Problem description: Select the lines of the records containing the word "Teeth" and list them.

Records from a data source:
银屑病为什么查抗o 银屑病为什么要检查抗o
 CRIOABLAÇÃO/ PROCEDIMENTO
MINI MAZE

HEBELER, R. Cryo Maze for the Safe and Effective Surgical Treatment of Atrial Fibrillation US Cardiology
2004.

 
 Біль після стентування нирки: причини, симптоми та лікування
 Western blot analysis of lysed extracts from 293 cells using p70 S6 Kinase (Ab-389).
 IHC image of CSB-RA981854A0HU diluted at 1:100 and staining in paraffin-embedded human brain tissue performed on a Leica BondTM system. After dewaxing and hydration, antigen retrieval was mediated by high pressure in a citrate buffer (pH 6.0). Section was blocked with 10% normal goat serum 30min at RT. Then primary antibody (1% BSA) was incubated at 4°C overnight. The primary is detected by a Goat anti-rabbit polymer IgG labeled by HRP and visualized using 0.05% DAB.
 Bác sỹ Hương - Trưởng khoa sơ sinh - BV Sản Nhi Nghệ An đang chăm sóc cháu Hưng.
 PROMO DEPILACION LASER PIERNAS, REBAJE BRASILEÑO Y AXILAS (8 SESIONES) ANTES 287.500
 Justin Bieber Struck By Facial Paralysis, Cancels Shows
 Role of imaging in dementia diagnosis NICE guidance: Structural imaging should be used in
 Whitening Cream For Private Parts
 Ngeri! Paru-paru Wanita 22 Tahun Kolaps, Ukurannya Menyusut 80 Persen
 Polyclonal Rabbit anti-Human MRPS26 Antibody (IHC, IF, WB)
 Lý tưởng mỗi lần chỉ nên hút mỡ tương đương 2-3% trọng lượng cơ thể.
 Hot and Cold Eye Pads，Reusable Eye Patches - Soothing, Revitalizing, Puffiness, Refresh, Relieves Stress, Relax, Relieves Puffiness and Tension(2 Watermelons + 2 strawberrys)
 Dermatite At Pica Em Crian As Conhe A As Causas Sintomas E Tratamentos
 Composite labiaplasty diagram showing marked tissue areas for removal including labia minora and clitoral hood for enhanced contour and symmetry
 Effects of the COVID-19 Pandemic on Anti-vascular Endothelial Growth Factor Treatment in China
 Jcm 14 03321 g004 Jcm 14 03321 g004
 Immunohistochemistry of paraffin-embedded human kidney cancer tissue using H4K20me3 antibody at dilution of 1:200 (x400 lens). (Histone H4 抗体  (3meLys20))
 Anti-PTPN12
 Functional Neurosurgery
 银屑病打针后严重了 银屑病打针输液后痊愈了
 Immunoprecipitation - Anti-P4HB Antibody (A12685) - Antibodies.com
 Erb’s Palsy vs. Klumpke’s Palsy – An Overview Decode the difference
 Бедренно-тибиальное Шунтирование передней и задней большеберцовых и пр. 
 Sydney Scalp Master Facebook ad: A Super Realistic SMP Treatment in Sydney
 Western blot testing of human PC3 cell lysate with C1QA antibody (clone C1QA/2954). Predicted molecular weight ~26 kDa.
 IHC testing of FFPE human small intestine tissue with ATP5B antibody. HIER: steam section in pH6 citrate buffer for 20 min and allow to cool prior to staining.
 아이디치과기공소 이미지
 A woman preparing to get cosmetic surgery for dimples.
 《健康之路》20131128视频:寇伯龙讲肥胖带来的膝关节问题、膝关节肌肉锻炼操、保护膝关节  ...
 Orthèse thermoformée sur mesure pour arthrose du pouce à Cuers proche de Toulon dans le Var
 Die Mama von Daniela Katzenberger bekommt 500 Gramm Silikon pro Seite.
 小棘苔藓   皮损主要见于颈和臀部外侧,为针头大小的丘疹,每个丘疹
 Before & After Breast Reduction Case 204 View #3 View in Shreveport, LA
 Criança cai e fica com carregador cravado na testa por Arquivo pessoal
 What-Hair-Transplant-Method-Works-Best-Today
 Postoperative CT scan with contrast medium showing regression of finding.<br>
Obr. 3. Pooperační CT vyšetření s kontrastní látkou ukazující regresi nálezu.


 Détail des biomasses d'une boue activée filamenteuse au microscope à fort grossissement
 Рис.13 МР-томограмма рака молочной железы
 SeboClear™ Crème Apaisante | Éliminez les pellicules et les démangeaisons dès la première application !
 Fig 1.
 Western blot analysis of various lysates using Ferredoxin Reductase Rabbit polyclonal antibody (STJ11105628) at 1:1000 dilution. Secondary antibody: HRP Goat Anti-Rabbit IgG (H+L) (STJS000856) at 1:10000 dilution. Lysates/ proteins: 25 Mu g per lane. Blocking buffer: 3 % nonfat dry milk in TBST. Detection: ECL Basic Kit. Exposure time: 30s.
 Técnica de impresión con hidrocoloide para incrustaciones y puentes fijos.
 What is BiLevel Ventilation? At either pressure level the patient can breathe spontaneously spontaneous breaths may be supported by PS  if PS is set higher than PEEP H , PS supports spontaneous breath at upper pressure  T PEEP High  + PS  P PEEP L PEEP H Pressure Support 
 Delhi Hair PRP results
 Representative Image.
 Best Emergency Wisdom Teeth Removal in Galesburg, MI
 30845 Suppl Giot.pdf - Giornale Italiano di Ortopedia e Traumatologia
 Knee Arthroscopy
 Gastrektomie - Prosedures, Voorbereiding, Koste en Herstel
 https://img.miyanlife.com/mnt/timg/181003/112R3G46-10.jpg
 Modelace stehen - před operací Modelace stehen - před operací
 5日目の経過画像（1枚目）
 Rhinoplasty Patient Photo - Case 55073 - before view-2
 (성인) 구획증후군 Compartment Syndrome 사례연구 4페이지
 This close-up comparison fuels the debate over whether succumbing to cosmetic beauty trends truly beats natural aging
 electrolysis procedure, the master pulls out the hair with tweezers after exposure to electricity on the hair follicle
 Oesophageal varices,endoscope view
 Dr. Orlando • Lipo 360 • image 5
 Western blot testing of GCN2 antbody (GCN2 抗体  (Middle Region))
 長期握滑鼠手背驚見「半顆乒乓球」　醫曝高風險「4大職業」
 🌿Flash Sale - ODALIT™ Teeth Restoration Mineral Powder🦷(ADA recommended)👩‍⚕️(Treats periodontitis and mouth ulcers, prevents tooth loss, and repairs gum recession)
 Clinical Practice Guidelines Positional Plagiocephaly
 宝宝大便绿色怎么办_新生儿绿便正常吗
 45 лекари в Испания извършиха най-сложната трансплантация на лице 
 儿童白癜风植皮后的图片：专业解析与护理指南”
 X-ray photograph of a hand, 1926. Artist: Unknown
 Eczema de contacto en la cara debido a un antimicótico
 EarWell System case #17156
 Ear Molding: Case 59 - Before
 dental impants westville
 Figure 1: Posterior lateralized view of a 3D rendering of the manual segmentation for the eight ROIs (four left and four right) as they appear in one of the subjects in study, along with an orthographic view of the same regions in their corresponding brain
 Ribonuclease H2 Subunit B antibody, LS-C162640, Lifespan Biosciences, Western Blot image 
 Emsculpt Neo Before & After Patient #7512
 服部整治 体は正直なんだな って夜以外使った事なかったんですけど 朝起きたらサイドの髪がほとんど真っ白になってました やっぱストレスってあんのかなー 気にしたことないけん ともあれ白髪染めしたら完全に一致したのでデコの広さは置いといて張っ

Response box:
 Best Emergency Wisdom Teeth Removal in Galesburg, MI
 🌿Flash Sale - ODALIT™ Teeth Restoration Mineral Powder🦷(ADA recommended)👩‍⚕️(Treats periodontitis and mouth ulcers, prevents tooth loss, and repairs gum recession)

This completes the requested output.